WeHo apartments on La Brea will cater to networked tenants
Two luxury apartment buildings under construction in West Hollywood are aimed at mobile, creative tenants who make a living on the go, often tapping on their laptops in coffee bars and other hangouts.
The goal of developers Essex Property Trust and the Monarch Group is to rethink apartments for people who don’t work 9 to 5 in a traditional office — a generally younger demographic found in abundance in West Hollywood.
Named the Huxley and the Dylan, they are being built on two busy intersections on La Brea Avenue at a cost of more than $150 million. They replace a fast-food eatery and a grocery store, adding to growing density on the city’s east end.
In an appeal to the socially networked, the apartment complexes are designed to encourage interaction among residents and support activity “programming” such as classes in bartending and flower arranging.
“It’s about providing a sense of community and the belief that if you do that correctly, the people it appeals to will find you,” said Mike Leipart of Beverly Hills real estate marketing firm the Agency. “Hotels have been doing this for years.

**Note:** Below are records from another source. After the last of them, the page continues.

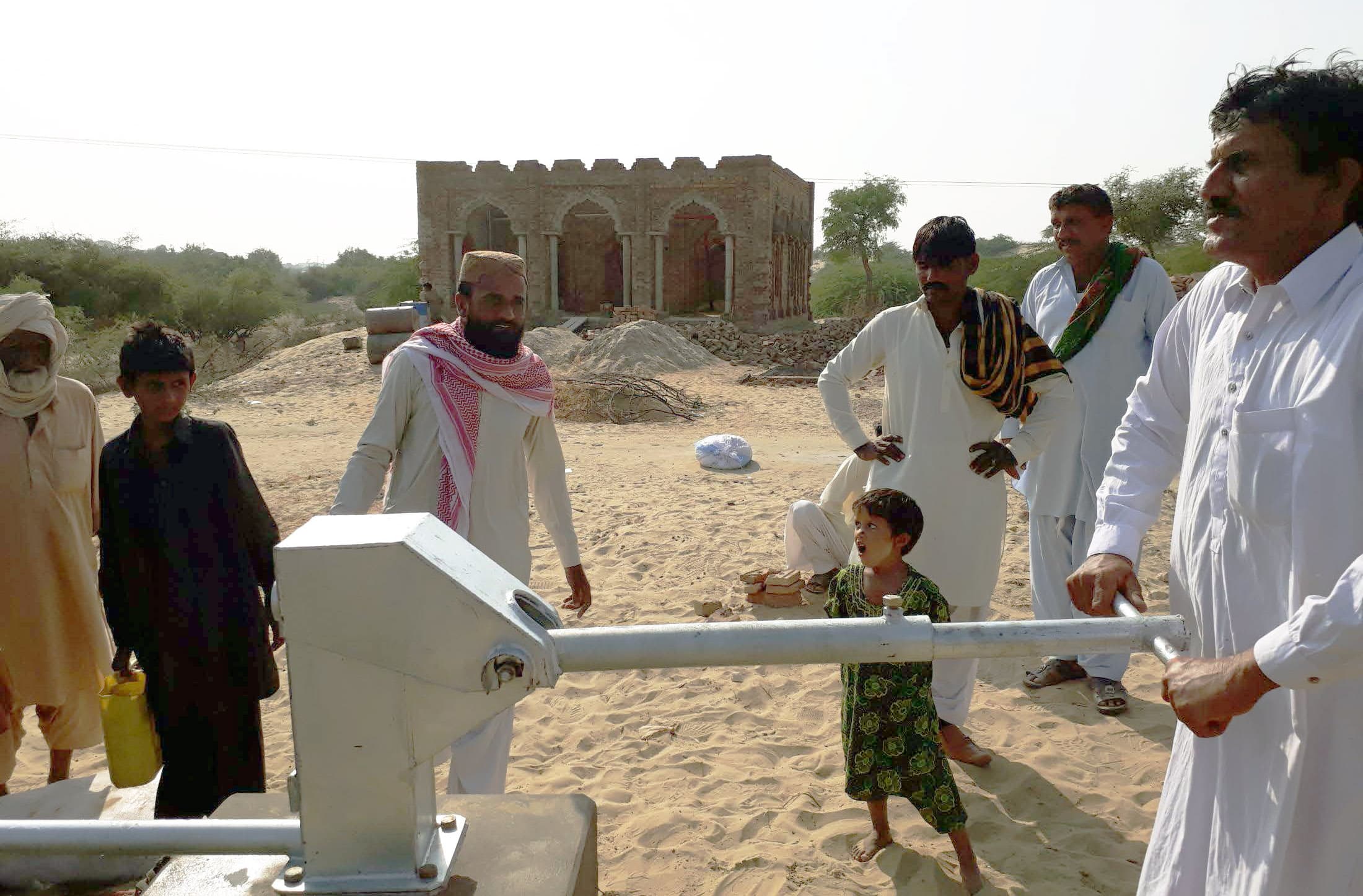 Village residents using new well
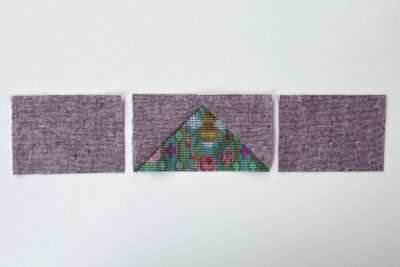 purple and green fabric on white tabletop cut into squares and triangles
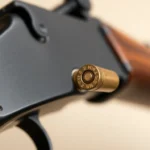 The 32WIN cartridge being inserted into a Winchester rifle, showcasing classic hunting gear and emphasizing firearm craftsmanship for enthusiasts and collectors.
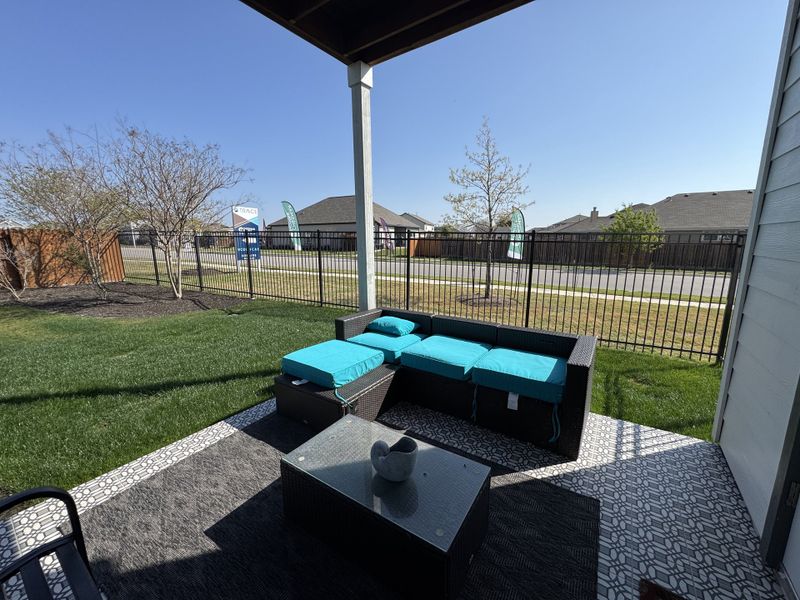 A cozy patio space with vibrant turquoise cushions and modern decor. A cozy patio space with vibrant turquoise cushions and modern decor.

“You can walk into any Starbucks and you see a lot of people working. It’s still a relatively new trend in how we behave. This is going to be a reflection of that.”
Residents may multitask in courtyards, rooftop pool decks or clubhouses at the Huxley and the Dylan. The six-story complexes designed by Newman Garrison + Partners will house shops and restaurants at ground level when they are completed next spring.
The Huxley is rising at the southeast corner of Fountain Avenue and La Brea, where a Jons grocery store used to be. The Dylan site, at the northwest corner of Santa Monica Boulevard and La Brea, last held a Carl’s Jr. and is across the street from the West Hollywood Gateway shopping center, built in 2004.
The new apartments are named after writers Aldous Huxley and Dylan Thomas, Leipart said, though some people mistakenly think the Dylan is named for musician Bob Dylan and he is loath to correct them.
Dylan, he said, “is just a fun name.”